Today I was walking home after a long adventure (many blogs coming up) when I saw his studio door was open. And there he was working away! Hammering at flat pieces of printed aluminum, making colorful storytelling blocks!
What are storytelling blocks? They feature images from human experience on different sides–such as night on one side and day on the other. You can flip them any which way, then insert them into a wooden box with fixed compartments! These visual stories are like small treasures or keepsakes. Dreamlike, they are open to interpretation.
He also showed me his Box of Yes and No (that uses words from different languages and a couple of eyeballs) and a shelf full of storytelling cubes. Plus lots of other cool artwork!

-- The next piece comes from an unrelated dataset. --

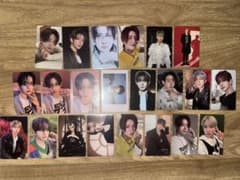 ⚠️バラ売り不可⚠️Enhypen ヒスン　トレカ　まとめ売り ⚠️バラ売り不可⚠️Enhypen ヒスン トレカ まとめ売り - メルカリ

His fantastic Frankenstein monster that debuted earlier this year is so cool it’s coming up separately on my next blog post!
I love the unlimited energy and joy of life that flows from James Watts’ hands. His art is primarily about storytelling. His studio is also filled with large sculptures based on Japanese kokeshi. The sculptures creatively depict Don Quixote, Prometheus, Jonah, Pandora, Joan of Arc, and a whole host of diverse characters from literature.
He told me some of his storytelling pieces will be in a future exhibition at the Oceanside Museum of Art. So you might be getting a little bit of a preview here!